[[ DATA SHOWN open ]]

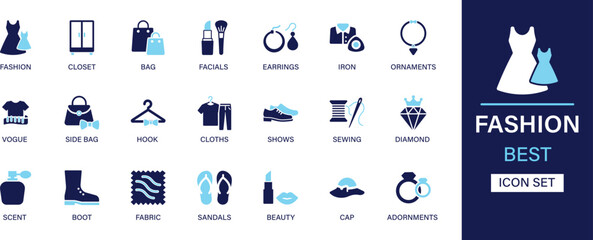Fashion icon set collection. Clothes, facials, earrings, iron, ornaments, vogue, side bag, hook, shows, sewing, diamond and best solid icon set.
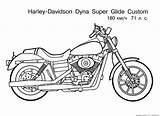 Harley Davidson Coloring Pages Motorcycle Dyna Mandala Printable Moto Coloriage Drawing Fatboy Custom sketch template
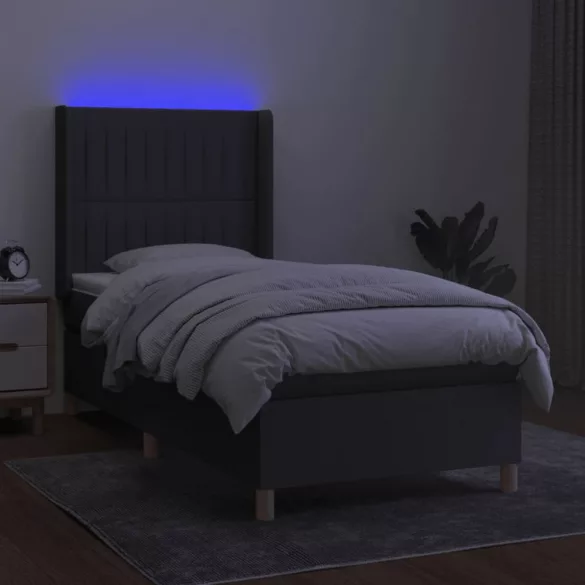 sötétszürke szövet rugós és LED-es ágy matraccal 90x200 cm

[[ DATA SHOWN closed ]]

- **ASSIGNMENT**:
Only the text of the listing above is copied, exactly as written; its pictures are dropped.

- **OUTPUT BELOW**:
Fashion icon set collection. Clothes, facials, earrings, iron, ornaments, vogue, side bag, hook, shows, sewing, diamond and best solid icon set.
 Harley Davidson Coloring Pages Motorcycle Dyna Mandala Printable Moto Coloriage Drawing Fatboy Custom sketch template
 sötétszürke szövet rugós és LED-es ágy matraccal 90x200 cm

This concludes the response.